Cleveland Cavaliers' LeBron James and Atlanta Hawks' Josh Smith: Who can jump higher?
by Brian Windhorst / Plain Dealer Reporter
Wednesday May 06, 2009, 8:50 PM
In a league filled with relative giants, many with remarkable leaping ability, LeBron James and Josh Smith are a head above nearly all others. And sometimes shoulders, too.
There's a number of reasons the conference semifinal series between the Cavs and Hawks, which the Cavs lead, 1-0, heading into Thursday's Game 2, is attractive. But one would be remiss not to keep an eye on a rather unique subplot, a display every other night of perhaps the two highest jumpers in the NBA.
Smith and James have played against each other since they were teens in high-profile AAU tournaments. They could both dunk by the time they were 13. And they can now see eye-to-eye. . . . with the rim.
There are some other contenders but Smith and James are generally regarded as the two highest leapers in the NBA.
When Smith goes airborne for his trademark soaring left-handed dunks, it sometimes seems as if he's using a hidden trampoline. Meanwhile James' signature defensive play, his "chase-down" block, is predicated on his ability to simply out leap the poor opponent trying to score. Not to mention James' own series of high-altitude slams.
So to the point, who can jump higher?
"Josh Smith," said James.
"LeBron gets pretty high, I'm not sure," Smith said.
"That's a really good one, I can't say for sure," said Hawks guard Flip Murray, who has been a teammate with both.
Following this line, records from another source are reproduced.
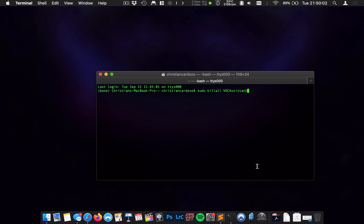Next is killall. Killall will kill the process that follows it, and that process is vdcassistant. Now, vdcassistant handles the iSight webcam on your Mac, and by running sudo killall vdcassistant, we are saying kill the iSight webcam process as administrator, which is the only way it'll let you do it.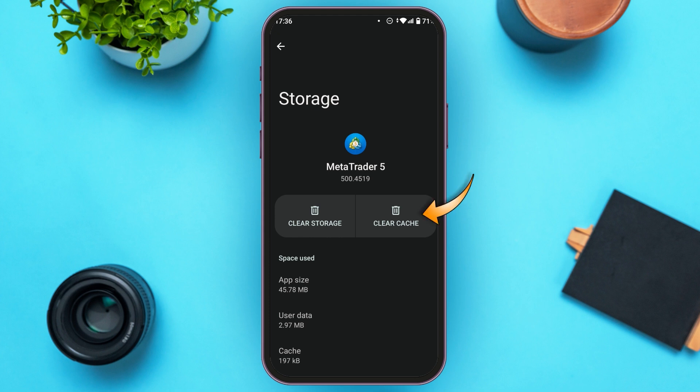All you have to do is tap on Clear Cache. After that, your cache will be cleared and your authorization failed problem should be fixed. If the problem is still not fixed, try uninstalling the app and reinstalling it, then try to log into your account again — your authorization failed problem should be fixed.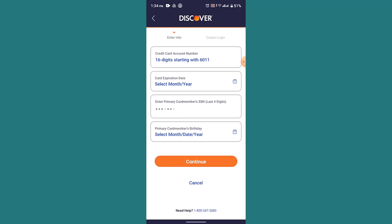Such as the 16-digit card number, expiry date, your primary social security number, your primary card member's date of birth, and click on the continue button. Next page you'll be receiving your statement such as create a PIN.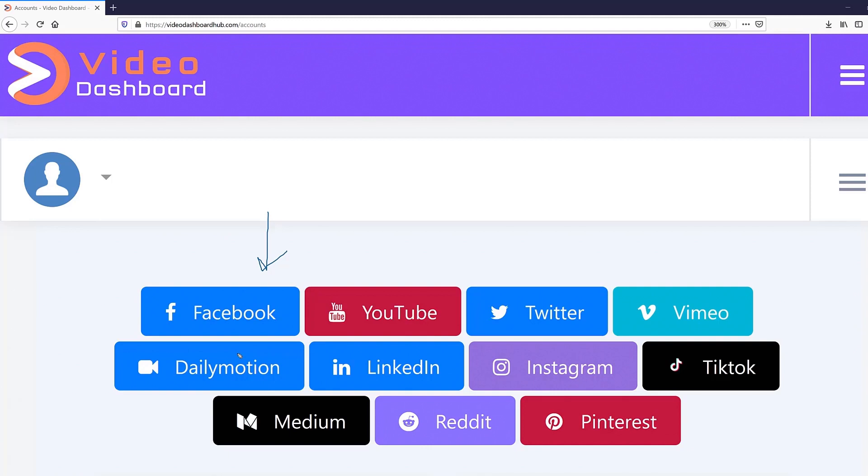But on top of that, the next generation emerging ones like LinkedIn Pulse, Reddit, and on top of that, Pinterest and so on. And we have now really eliminated your ability to just get 98% of the entire video traffic that is there worldwide. That is what you can do with Video Dashboard.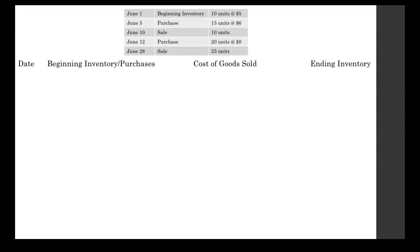We're going to write them all out using this table so that we keep everything organized. On June 1st, we had a beginning inventory of 10 units at $5. We write that as 10 at $5 equals $50, which we get by multiplying the number of units and the unit cost. We write that in the beginning inventory column. At the end of June 1st, we also had an inventory of 10 at $5 apiece for a total of $50, so we write that in the ending inventory column.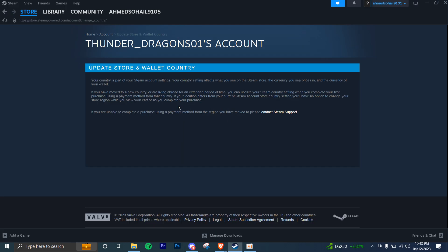Here it's saying, if you have moved to a new country or are living abroad for an extended period of time, you can update your Steam Country setting when you have completed your first purchase using a payment method from that country.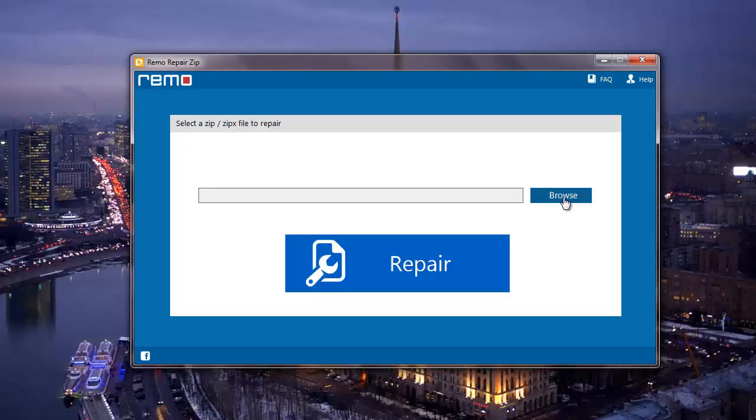What I'm going to do is click on the Browse button and then select the zip file which needs to be repaired.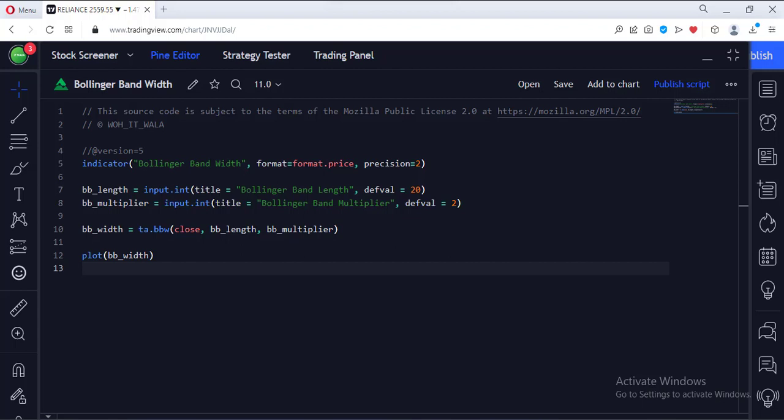Let's start. Today we will see how to plot the Bollinger Band Width in the TradingView Pine script.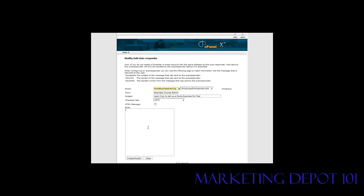You could also use this as just a primer to get people into your autoresponder. So that's why you might want to use one of these. So now we just put the body of our text in here.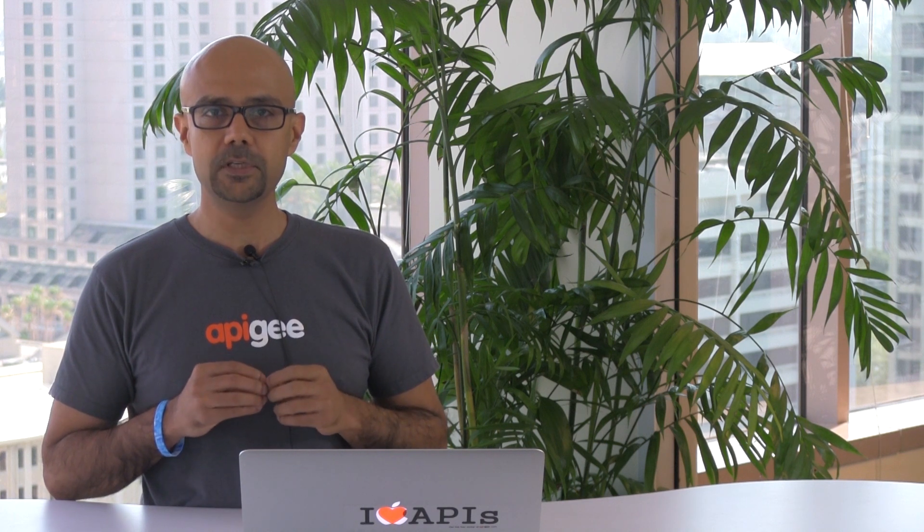Apigee Edge is battle-tested daily with over a billion calls per day on our platform by the most trusted brands in the digital economy. You've barely scratched the surface of Apigee Edge. I hope that you take the time to learn more about Apigee and Apigee Edge moving forward. Thanks for your time.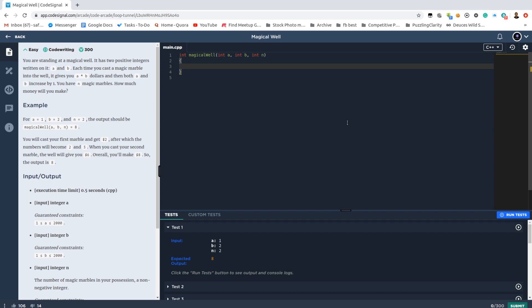We have the number of times we're going to use the magic well, and each time when we use the magic well it gives us the product of those aforementioned numbers, and after that both of the numbers increase by one.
"I'd have to go with LeBron," said Lorenzen Wright, a current Cav and former Smith teammate with the Hawks.
"I don't know. That's a good question to put on the Web site to get a poll going," Mo Williams said.
Beyond the opinions there is some data. When players come into the league they go through a series of standardized measurements at the Pre-Draft Camp, which was held in Chicago when James and Smith came into the league. Among them is vertical leap, which is done from a standing position.
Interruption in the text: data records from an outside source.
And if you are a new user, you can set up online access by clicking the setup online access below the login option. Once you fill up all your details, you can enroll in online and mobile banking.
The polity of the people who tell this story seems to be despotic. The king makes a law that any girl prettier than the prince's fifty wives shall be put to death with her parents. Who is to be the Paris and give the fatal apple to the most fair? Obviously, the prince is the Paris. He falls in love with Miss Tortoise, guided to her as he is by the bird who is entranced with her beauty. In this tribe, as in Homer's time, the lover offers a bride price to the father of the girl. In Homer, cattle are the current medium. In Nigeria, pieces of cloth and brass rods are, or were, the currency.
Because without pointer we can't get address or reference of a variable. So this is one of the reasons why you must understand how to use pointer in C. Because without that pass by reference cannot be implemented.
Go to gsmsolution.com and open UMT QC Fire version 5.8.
In 2003, James recorded one of the highest jumps in history when he reached 44 inches at the camp. To compare that, Slam Dunk Contest champ Nate Robinson hit 43.5 inches in 2005. Former dunk contest champ Gerald Green, who famously blew out a candle on the back of the rim, was recorded at 39 inches as a rookie. Dwight Howard, who has shown off his ability to kiss the rim, hit 35.5 inches in 2004 when he was 18.
Smith, who was measured the same day as Howard, was recorded at 39.5 inches.
But that was when Smith and James were teens. Now full grown men it seems much closer. Especially when running and jumping off one leg, which may add about a foot to each's ceiling.
Back in March, James and Smith ended up on the floor tied up with the ball at a game in Atlanta. The result was perhaps the most entertaining jump ball of the season. Slow motion replays may be needed but it appeared Smith was able to win it by a centimeter or two but the Cavs ended up with the ball so James technically got the win.
"If we did it 10 times, I'm not sure who would win," Smith said. "I can jump pretty good off two feet, but I'm really good with one."
His left especially, which Smith pushes off on when he takes off in transition. Then James has, as teammate Wally Szczerbiak calls it, "Go-Go Gadget calf muscle on his left leg" as well.
Smith believes he could dunk on a 12-foot rim. James in the past as said the same. A reverse version of limbo -- "How high can you go?" -- would make a popular halftime show.
But it seems their peers don't need to know who can get higher. They have both left an impression.
"Those are two freaks as far as jumping. Josh Smith is more bouncier. For some reason when he jumps, he just bounces, and automatically, you step back and get out of the way," Williams said. "LeBron is more power. He's more of a power jumper. When he jumps, you look and say, I don't think I have a chance with that one either."